Each retrieval is slow. If you're going to compare backends, set
`cache = TRUE` so re-running the vignette is instant:

```{r cache}
old_cache <- getOption("prepR4pcm.cache_dir", NULL)
tmp_cache <- tempfile("prepR4pcm-cache-")
pr_tree_cache_dir(tmp_cache)

res_rotl     <- pr_get_tree(species, source = "rotl",
                             cache = TRUE)
res_fishtree <- pr_get_tree(species, source = "fishtree",
                             cache = TRUE)
res_rtrees   <- pr_get_tree(species, source = "rtrees",
                             taxon  = "fish", cache = TRUE)

# See what's cached
pr_tree_cache_status()

# Wipe just the rotl entries (e.g. after an OTT version refresh)
pr_tree_cache_clear(source = "rotl", confirm = FALSE)

options(prepR4pcm.cache_dir = old_cache)
unlink(tmp_cache, recursive = TRUE)
```

By default the cache lives at `tools::R_user_dir()`. Pass an explicit
temporary or project cache directory if you want a separate cache for a
specific analysis:

```{r project-cache}
old_cache <- getOption("prepR4pcm.cache_dir", NULL)
tmp_cache <- tempfile("prepR4pcm-cache-")
pr_tree_cache_dir(tmp_cache)
options(prepR4pcm.cache_dir = old_cache)
unlink(tmp_cache, recursive = TRUE)
```

## What `pr_tree_compare()` doesn't do (yet)

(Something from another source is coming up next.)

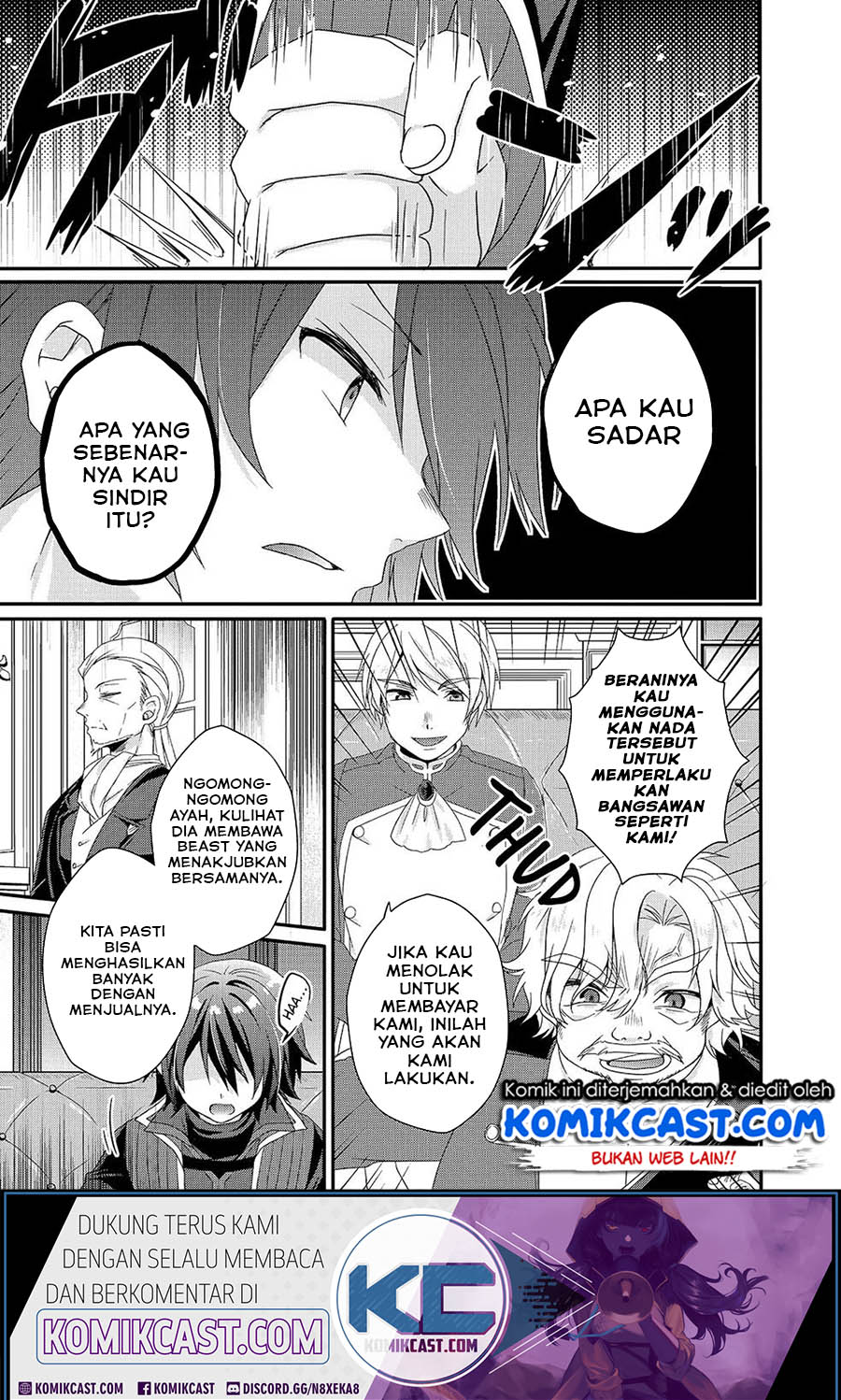World Teacher: Isekaishiki Kyouiku Agent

- **Bipartition-matched branch-length correlation.** The current
  implementation correlates *sorted* edge lengths, which is a coarse
  but defensible "do they agree on rate scale" check. A proper
  bipartition-matched correlation is a future-round refinement.
- **Visualisation.** Pair with `phytools::cophyloplot()` or
  `phangorn::densiTree()` for visual comparison of two or many
  trees.
- **Three-or-more-tree consensus.** For "what's the median tree
  across these three backends?", use
  `phangorn::consensus(c(res_rotl$tree, res_fishtree$tree, res_rtrees$tree[[1]]))`.

## See also

- `?pr_tree_compare` — full reference for the comparison function.
- `?pr_get_tree` — the main function for fetching a tree.
- `?pr_get_tree_status` — lists which backends are installed and
  reachable in your session.
- `?pr_tree_cache_dir` — manage the on-disk cache of retrieved trees.
- The
  [posterior-tree pipeline vignette](posterior-tree-pipeline.html)
  for the prepR4pcm → pigauto integration.